The suggestion that the overtaking of planet Earth by one species – humans – kicked off a new age was first made by Paul Crutzen in 2002. Crutzen, a Nobel prize-winning chemist, said we should now consider that we are living in the Anthropocene, an age dominated by human activities.
Since then, his term has caught on. Stick it in Google and you get over 42,000 hits. It’s got its own Wikipedia entry. Scientists are using it – the International Geosphere-Biosphere Programme recently published a document with a chapter devoted to it. (Bill Gates hasn’t caught on though – my spellchecker doesn’t recognise it.)
In spite of all this, and the apparent logic behind it, declaring the advent of a new geological age is no small matter. So although we may all – and I include scientists in that “we” – be perfectly happy to talk about the evils and blessings of the Anthropocene, we will not officially be living in it until a group of scientists at the International Union of Geological Sciences puts their seal on the term.
And that won’t happen – if indeed it does – for several more years.
To kick-start the process of formalising the term, Jan Zalasiewicz and his colleagues at the Stratigraphy Commission of the Geological Society of London have laid down their case in favour.
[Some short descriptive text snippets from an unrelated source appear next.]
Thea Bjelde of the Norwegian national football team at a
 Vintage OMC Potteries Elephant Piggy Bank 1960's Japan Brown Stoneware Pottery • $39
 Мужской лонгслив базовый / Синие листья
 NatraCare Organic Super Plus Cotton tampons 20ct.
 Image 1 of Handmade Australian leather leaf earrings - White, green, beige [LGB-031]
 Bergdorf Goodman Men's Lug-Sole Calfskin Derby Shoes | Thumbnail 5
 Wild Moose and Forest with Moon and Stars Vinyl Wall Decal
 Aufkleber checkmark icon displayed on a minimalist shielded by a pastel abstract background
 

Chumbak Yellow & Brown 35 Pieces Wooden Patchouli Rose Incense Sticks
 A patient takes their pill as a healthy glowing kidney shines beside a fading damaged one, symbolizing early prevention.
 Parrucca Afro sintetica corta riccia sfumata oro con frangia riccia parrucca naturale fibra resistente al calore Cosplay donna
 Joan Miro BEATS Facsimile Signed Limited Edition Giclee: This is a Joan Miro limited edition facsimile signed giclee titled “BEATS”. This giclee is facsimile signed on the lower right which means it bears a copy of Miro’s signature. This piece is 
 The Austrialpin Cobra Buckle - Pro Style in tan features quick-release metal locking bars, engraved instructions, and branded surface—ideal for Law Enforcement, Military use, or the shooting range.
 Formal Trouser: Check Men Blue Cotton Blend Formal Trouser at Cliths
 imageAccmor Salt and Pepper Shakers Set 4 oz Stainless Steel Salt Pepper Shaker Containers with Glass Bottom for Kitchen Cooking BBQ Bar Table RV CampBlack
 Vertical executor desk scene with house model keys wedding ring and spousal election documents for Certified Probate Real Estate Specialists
Their defence is featured on the cover of the February 2008 issue of GSA Today, published by the Geological Society of America.
To some, it may seem obvious that humans are massively changing the environment, but what Zalasiewicz had to do was show that 10, 100, 500 million years down the line, if you were to slice through a chunk of sediment you would be able to identify a distinct layer that corresponds to our reign on Earth.
The group says there is enough evidence around to suggest this will be the case. Ocean acidification, if it continues, could bring an end to corals which will change the nature of ocean rocks. Humans activities have triggered huge amounts of erosion, generating a new layer of sediment.
Widespread agriculture is replacing natural vegetation with large expanses of single crops. Cutting down forests, draining marshlands and peat bogs, transforming the prairies have pushed out the animal and plant species that live there and caused them to go extinct. All of the above will mean that one day, the fossil record of our time will look very different to the pre-Anthropocene record.
If indeed we are now in a new age, when did it begin? That’s a bit tricky, seeing as it is too early to study the physical slice of sediment and find the bottom of that distinctive new layer in a form that can be recognised around the world. (I’m picturing the geologists of the future pulling out sediment cores looking for the layer of plastic debris that marks the Anthropocene.)
So Zalasiewicz says the date should be set to 1800, because that’s when human population hit 1 billion and started to grow at an alarming rate and when a number of changes associated with industrialisation suddenly took off.
The team doesn’t go so far as saying that we are in a new era – although they caution that a mass extinction brought about by humans would be an argument in favour of that. Instead, they are just arguing for a new epoch (a sub-division of an era). So bye bye Holocene, but the Quaternary stays.
I’m tempted to wonder how anyone could object to formalising the Anthropocene. Most scientists agree that human activities are driving widespread environmental changes that reach down to the bottom of the seas, high up into the atmosphere, and from pole to pole. But there will no doubt be objections, the main one amongst them being, possibly, that it is simply too soon to say.
After all, stratigraphy experts normally spend their time defining epochs that are long gone. New epochs haven’t exactly been defined “live” before.
Besides, who knows – if the governments of the world get their acts together and we all start tightening those carbon purse strings, maybe, just maybe, we could manage to stay in the Holocene after all?